== Exercise directions ==
Reproduce the data below exactly as written. Pictures do not belong in the copy.

== Data supplied ==
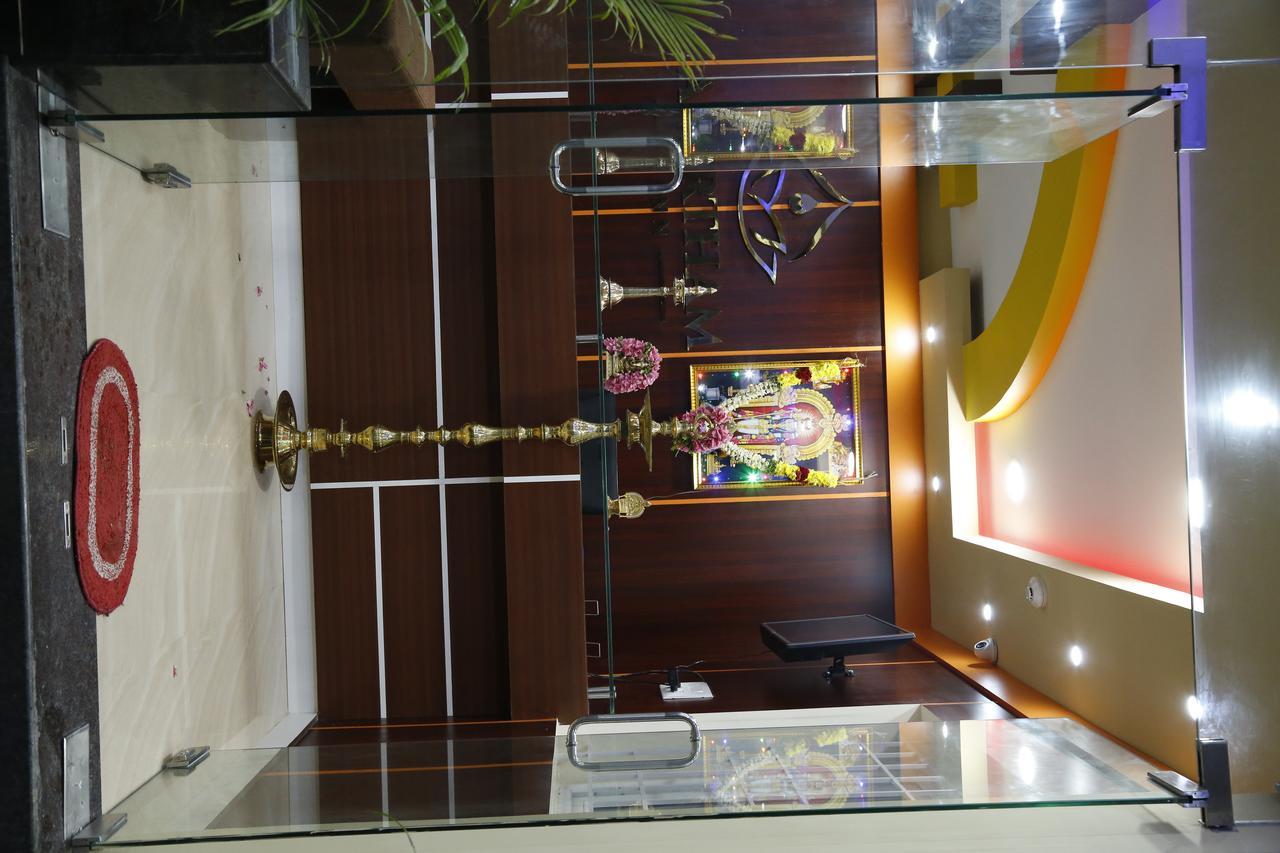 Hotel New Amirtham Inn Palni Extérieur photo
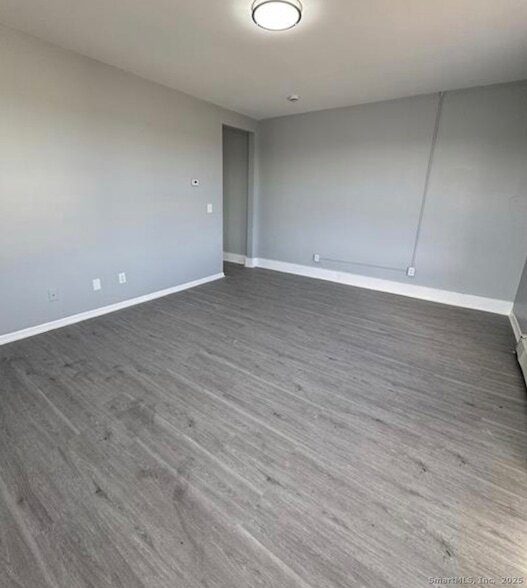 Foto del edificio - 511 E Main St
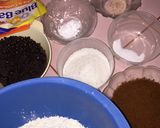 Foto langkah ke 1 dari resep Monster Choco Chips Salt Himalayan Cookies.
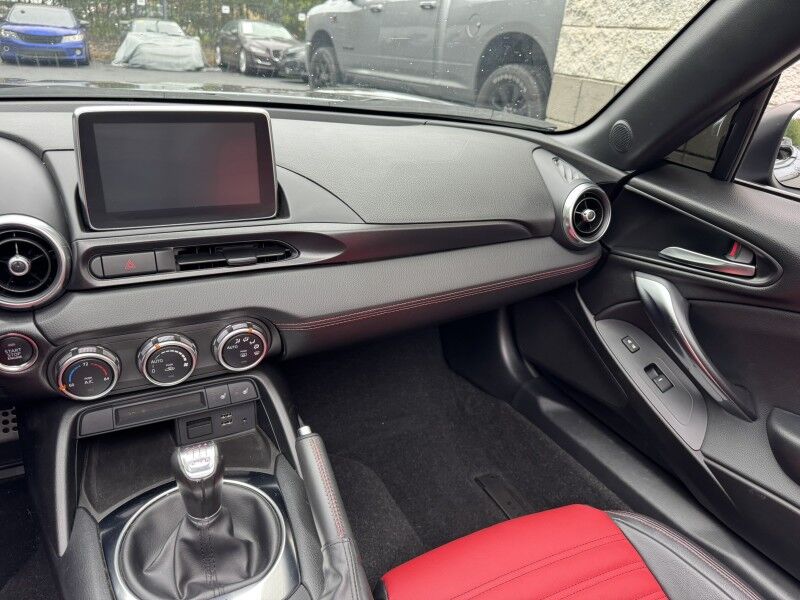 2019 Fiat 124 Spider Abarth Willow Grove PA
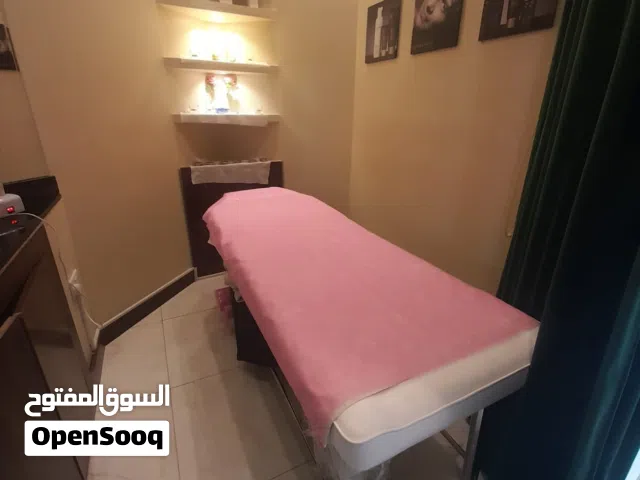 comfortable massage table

== Answer ==
 Hotel New Amirtham Inn Palni Extérieur photo
 Foto del edificio - 511 E Main St
 Foto langkah ke 1 dari resep Monster Choco Chips Salt Himalayan Cookies.
 2019 Fiat 124 Spider Abarth Willow Grove PA
 comfortable massage table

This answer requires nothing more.